While working as a Hollywood extra back in 1935, David Niven was offered a seven-year contract by Sam Goldwyn, the details of which may well indicate what Hjördis was presented with. David recalled Goldwyn saying:
“I’ll pay you very little, and I won’t put you in a Goldwyn picture till you’ve learned your job. Go out and tell the studios you’re under contract to Goldwyn, do anything they offer you, get experience, work hard, and in a year or so, if you’re any good – I’ll give you a role.”
David snapped up his chance, but it did not appeal to Hjördis. Importantly she said that she wasn’t interested in going to Hollywood to work in bit parts or as an extra.
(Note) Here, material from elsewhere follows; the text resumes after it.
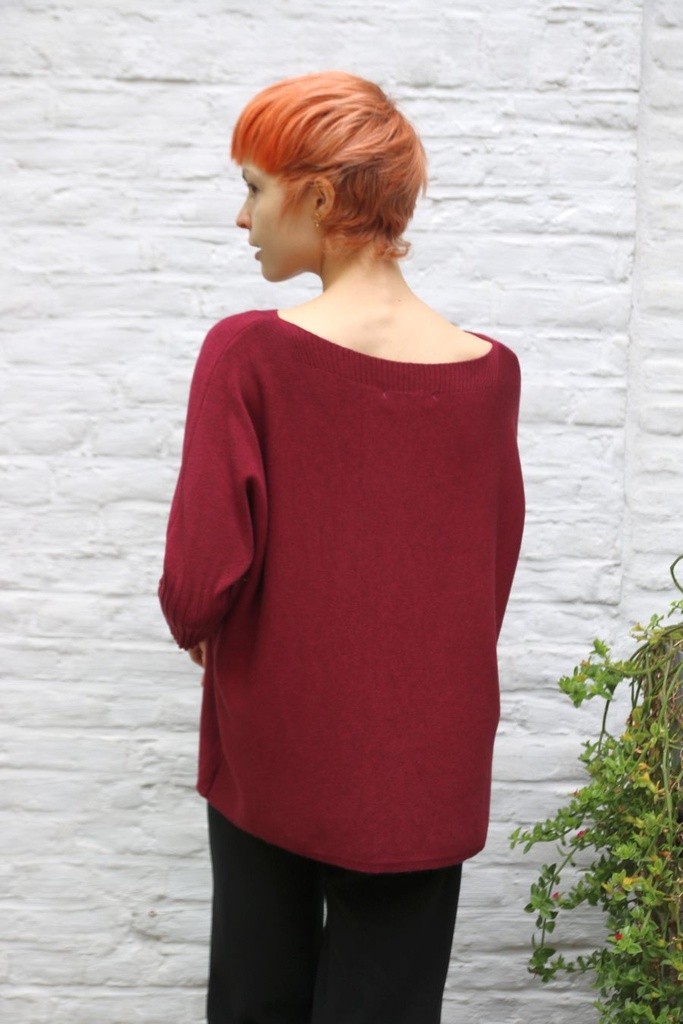 [10017282] Pull Mart 3/4e mouw nm50 boot - Bordeaux Detail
Her 1947 interviewer stated: “She has a much better chance modelling she believes.”
Other snippets from the August 1947 article included: “She can cook (but hates it), sews and designs her own clothes, loves swimming and has taken up golf, but doesn’t ski.” Asked for her opinion on American men, she was slightly vague: “I haven’t any opinion [OK, very vague]. Since I came back to America the men I have met have almost all been European.”
Hjördis’ New York modelling career did not begin as expected, compared with her previous experiences within the comfortable world of NK in Stockholm:
“It was really quite terrible. There were about twenty girls – all top models in New York – placed in a row and inspected like animals exhibited at market. I have rarely been involved in anything so unpleasant, and I left without even waiting for my turn. I simply don’t understand how such skilled and recognised professional as those models could find themselves in such a situation!”
“Then I became acquainted with a very nice, polite lady who worked at Town & Country (a Hearst-owned magazine aimed at socialites and café society) and through her I worked with them as a photo model. That was something completely different. A well-paid job that I enjoyed!”
Out of order
As well as carving out a career, or careers, Hjördis had apparently been planning to marry Igor Cassini, a man whose current wife had the freedom to pursue a high-profile career parallel to his own.
“While in New York,” Hollywood gossip queen Hedda Hopper wrote, “her constant companion was Cholly Knickerbocker.” Not according to Hjördis, who mentioned that Cassini was usually unavailable. Things were not working out.
According to Igor, “everything went without a hitch” and there was only one moment in their relationship when Hjördis showed irritation – after he took her to a restaurant to meet Joseph Kennedy, the patriarch of the Kennedy clan. When Igor shuffled off to the rest-room, good old Joe made a pass at Hjördis:
“I could not understand why (she was annoyed) until she explained that Joe suggested setting her up in a lovely little apartment if she ever had any trouble with me. He came on strong. Whether Joe did it to help me or screw me [my bet’s heavily on the latter], it did not improve our relationship.”
The major issue was that Igor was still married, to a “good Catholic girl”, which Joseph Kennedy was able to play upon. By July rumours were reaching Sweden of Hjördis’ intention to marry Igor, and must also, surely, have reached Austine Cassini.
“Bootsie was my wife,” Igor said, “and for various reasons I was reluctant to break with her definitively. We had been very much in love before the war.” Bootsie however was not so reluctant, and set out to definitively break with Igor.